I was anxious meeting Deanne Quinn, GATE coordinator for the Davis schools. I expected an intense, intimidating woman. Instead, I saw a funny, warm older woman filled with passion and dedication.
She gave me her home and cell phone numbers. We spoke in the evenings after the children were tucked in. She is insightful and takes personal interest in helping children, teachers and parents.
Quinn, the Davis GATE coordinator since 1993, has received a pink slip. Under Quinn, our GATE program received “exemplary” designation and national Javits grants. Because of Quinn’s work, our GATE program is highly diverse.

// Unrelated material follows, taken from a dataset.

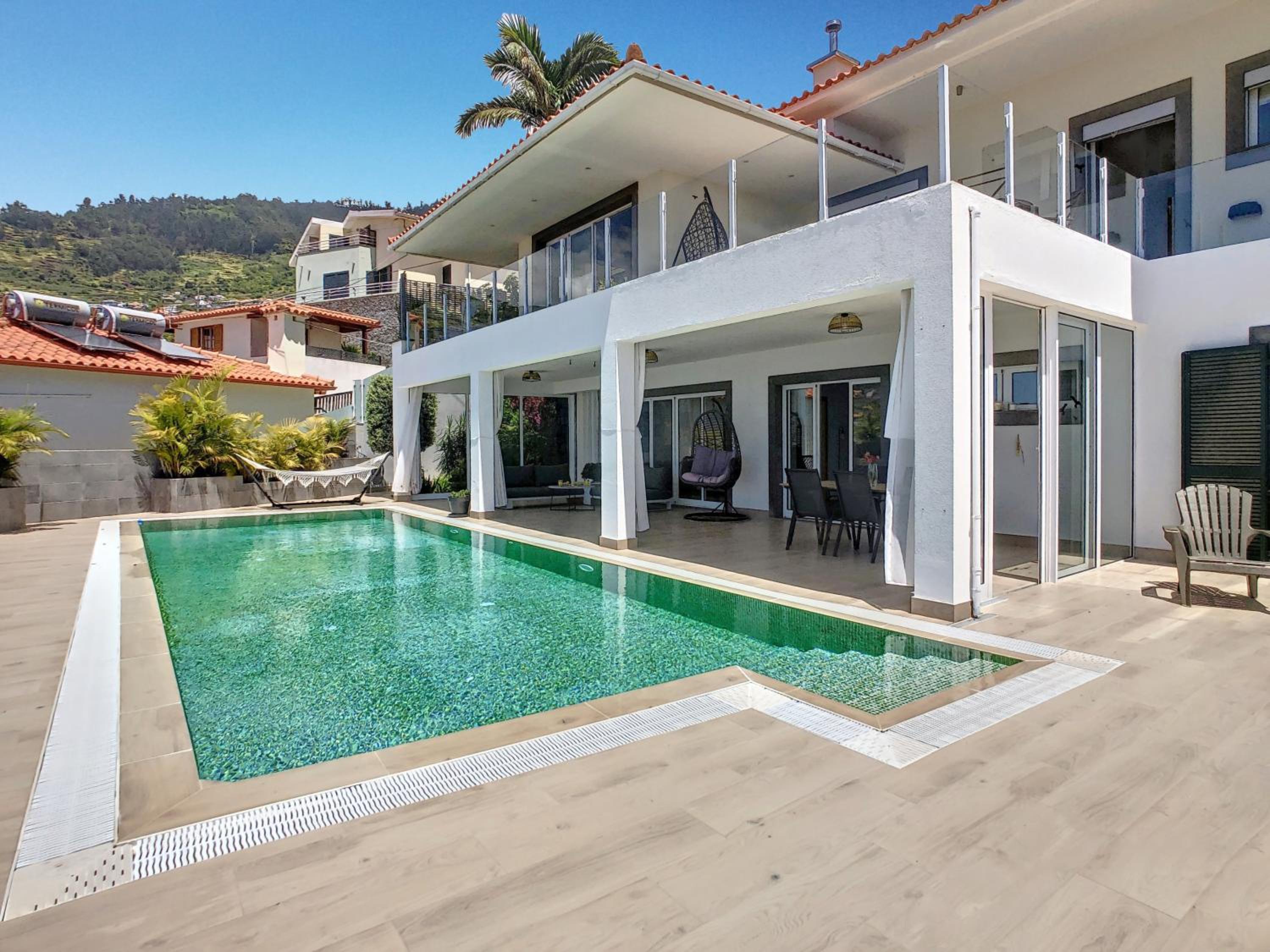 Villa Palmera by LovelyStay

The position is not being eliminated. However, this year the advertisement is starkly different. The 2012 posting stated “must meet state standards for GATE coordinator” and “appropriate level of experience to complete the GATE Master Plan as well as a Gifted Specialist Instruction Credential.” The 2013 posting eliminates these requirements, only “experience and knowledge of gifted education is preferred.”
The superintendent explained the 2012 posting had been erroneous because “there are no required state standards for the GATE coordinator.” However, the state standards for GATE coordinator have been recommendations since 2001. The justification remains unclear.
Replacing a leading expert with someone without equal expertise weakens our program. With the GATE Master Plan extended and much work ahead, we need our most experienced and trained person. The GATE coordinator should be a strong advocate for the program, including self-contained GATE classrooms. Anything less would demonstrate the administration’s lack of commitment to the program.
To replace a woman with decades of experience, expertise and demonstrated commitment with someone who lacks this would make one question the administration’s motives. They already radically altered placement into the program via the lottery. The longtime GATE secretary is gone and the GATE Advisory Committee has been disabled. Now as of June 7, GATE coordinator Deanne Quinn may be gone. This all happened despite the administration stating that the only change would be a lottery.
The administration has stated it is not seeking to end or drastically reduce self-contained GATE, but its actions speak louder than its words.